▶ **The records**
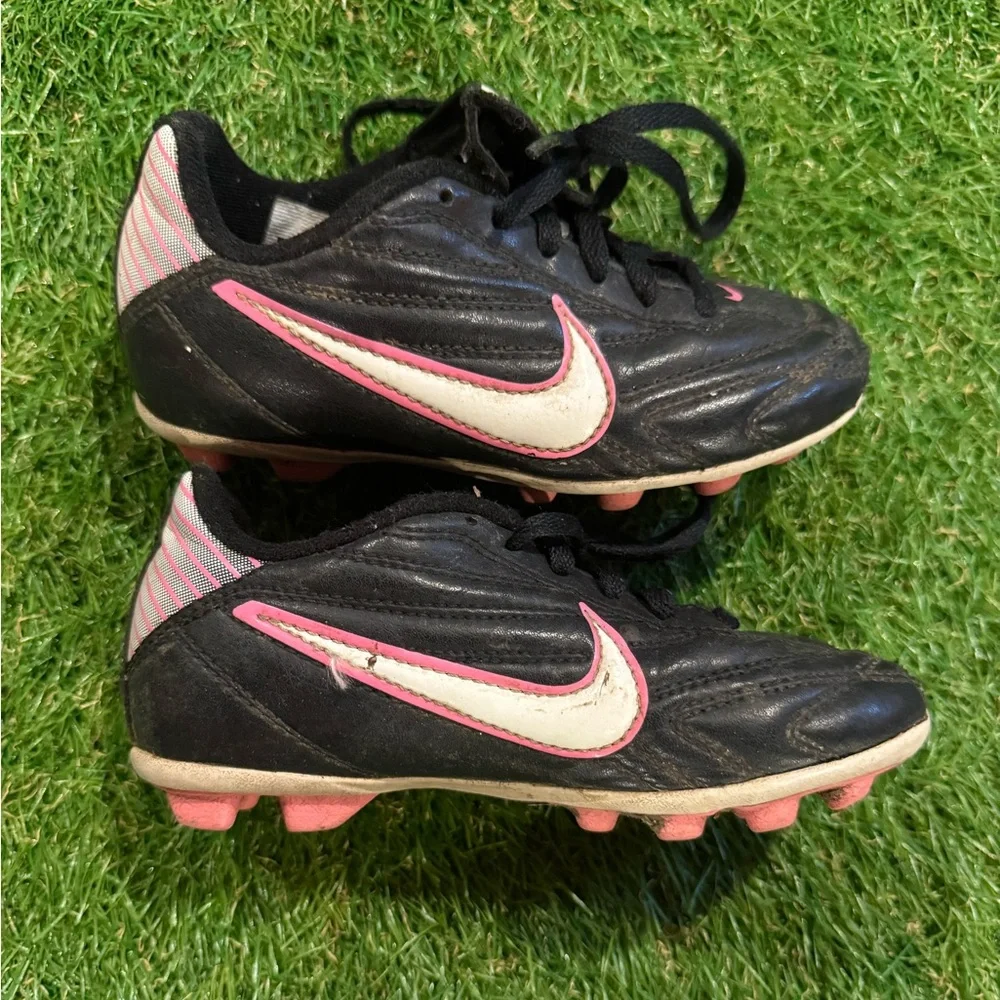 Nike Black and Pink Athletic Cleats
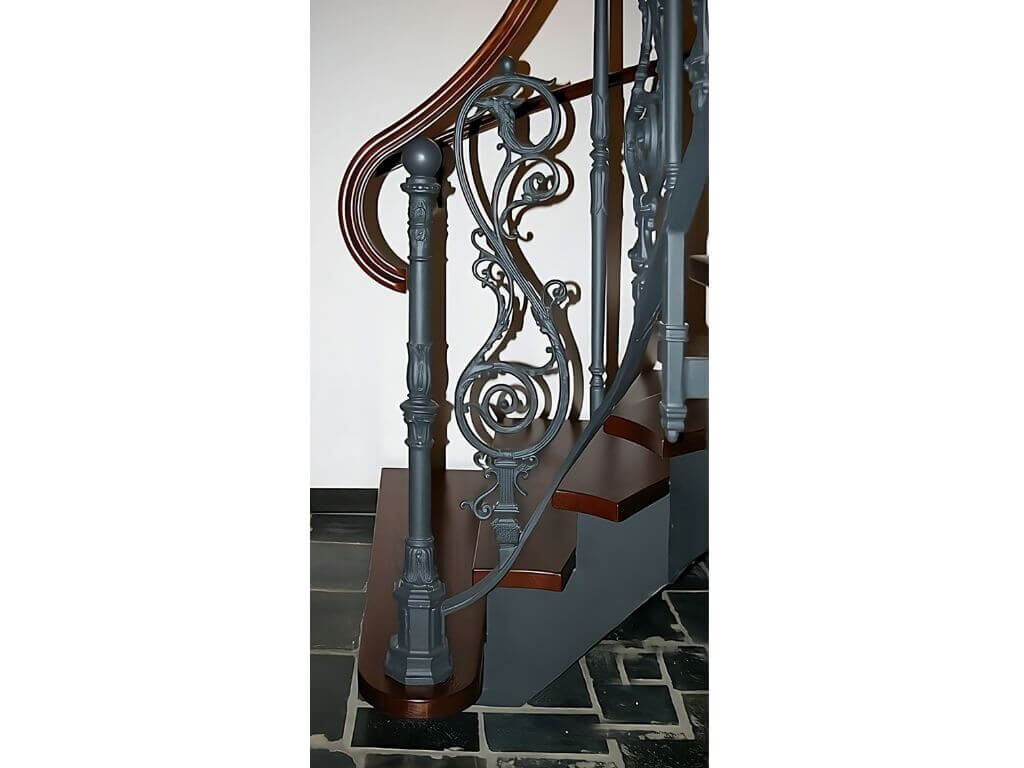 Anfangssteher des Galeriegelaneders aus Gusseisen Anfangssteher des Galeriegelaneders aus Gusseisen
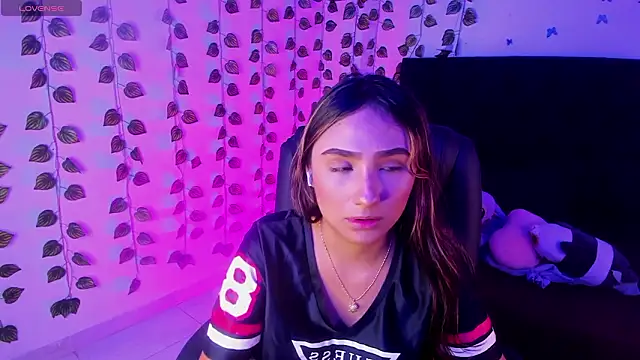 charlotte_keyss – webcam-show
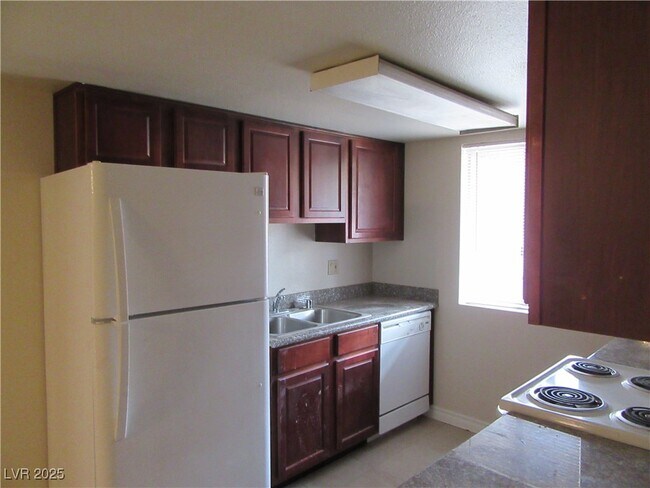 Foto del edificio - 4954 River Glen Dr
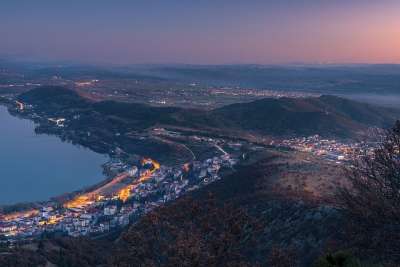 镇 湖 旅行 乡村的 夜晚 希腊 卡斯托里亚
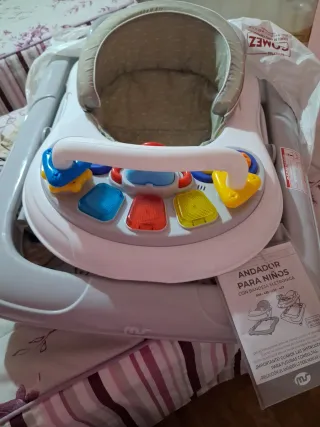 Andador para niños con bandeja electrónica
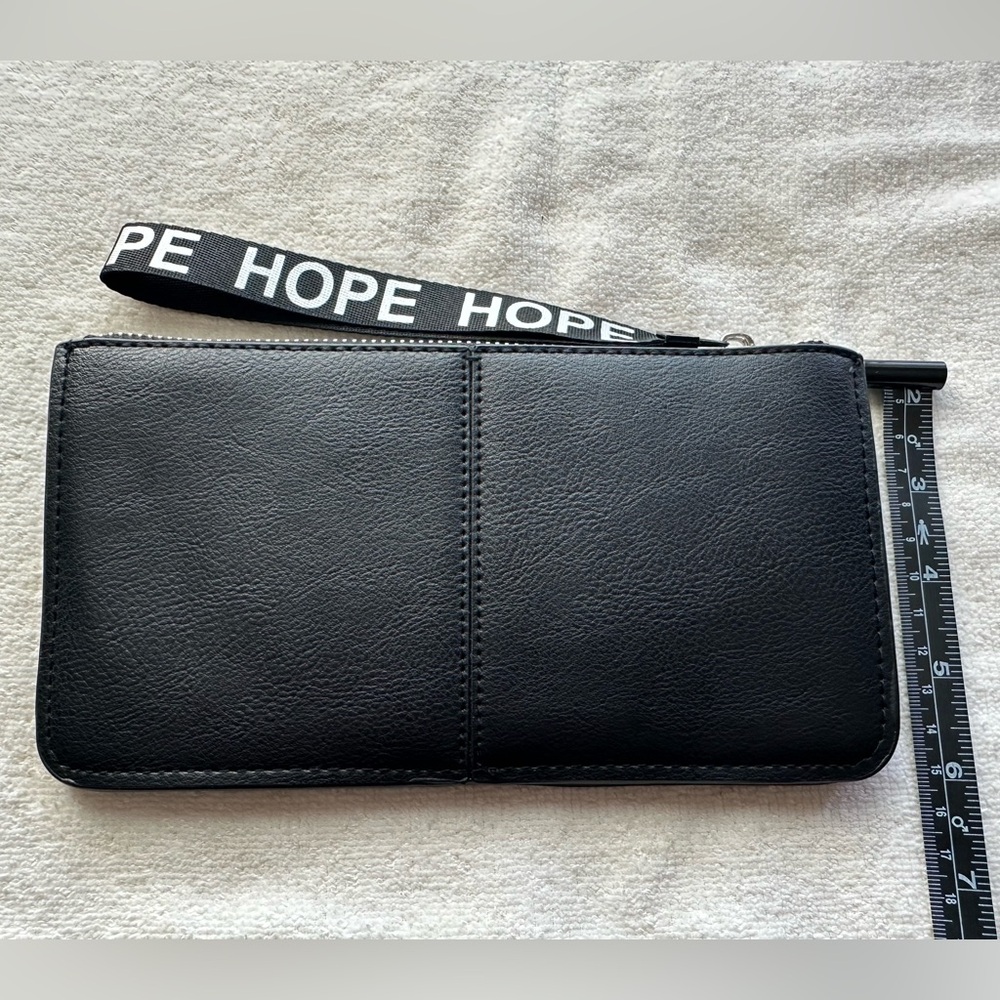 Wristlet - Picture 7 of 7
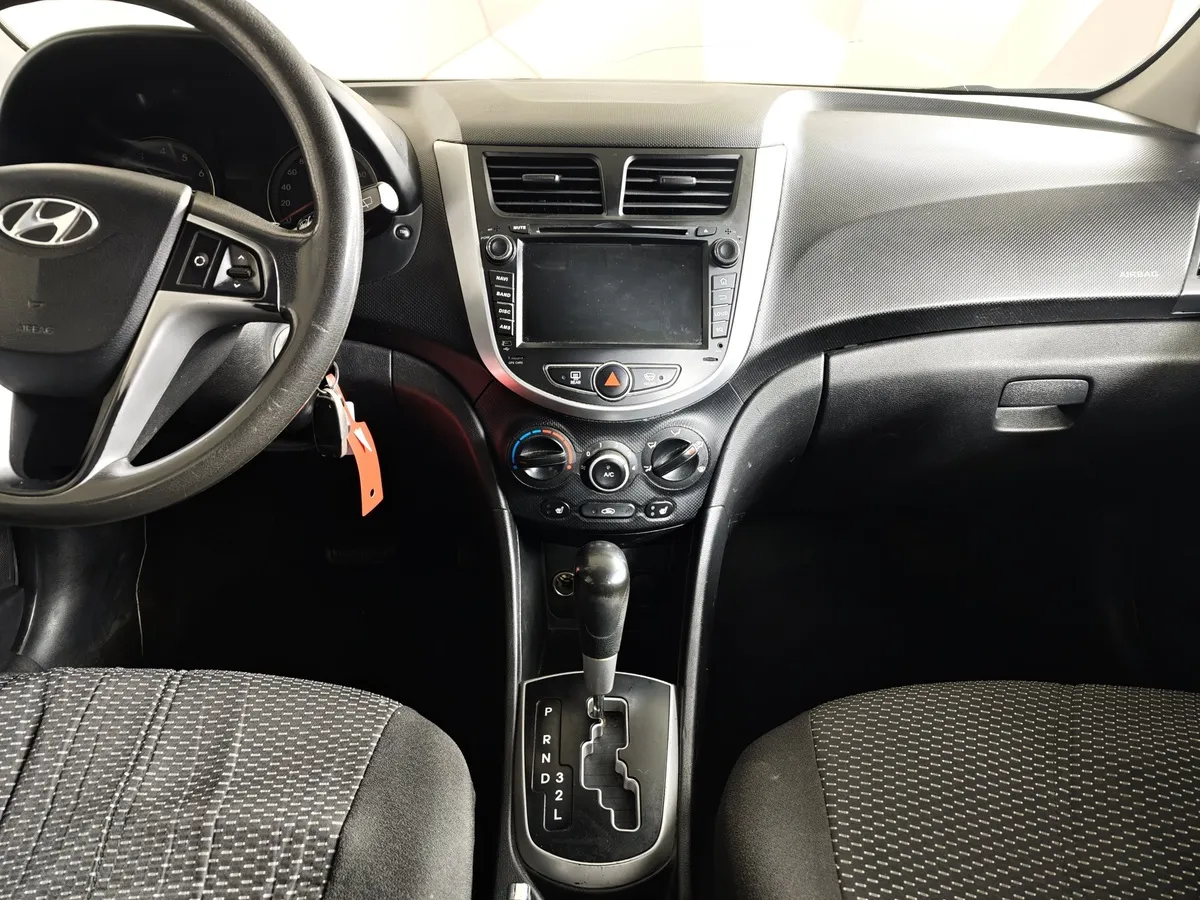 Hyundai Solaris 1.6 AT (123 л.с.) Active Синий в АВИЛОН. Слайд №12
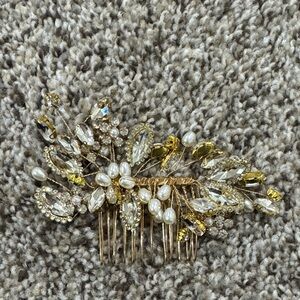 Elegant Gold and Crystal Hair Comb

▶ **About this task**
What is needed is an exact copy of every line from the one with "charlotte_keyss – webcam-show" to the end of the listing above, with the pictures left out.

▶ **Final answer**
 charlotte_keyss – webcam-show
 Foto del edificio - 4954 River Glen Dr
 镇 湖 旅行 乡村的 夜晚 希腊 卡斯托里亚
 Andador para niños con bandeja electrónica
 Wristlet - Picture 7 of 7
 Hyundai Solaris 1.6 AT (123 л.с.) Active Синий в АВИЛОН. Слайд №12
 Elegant Gold and Crystal Hair Comb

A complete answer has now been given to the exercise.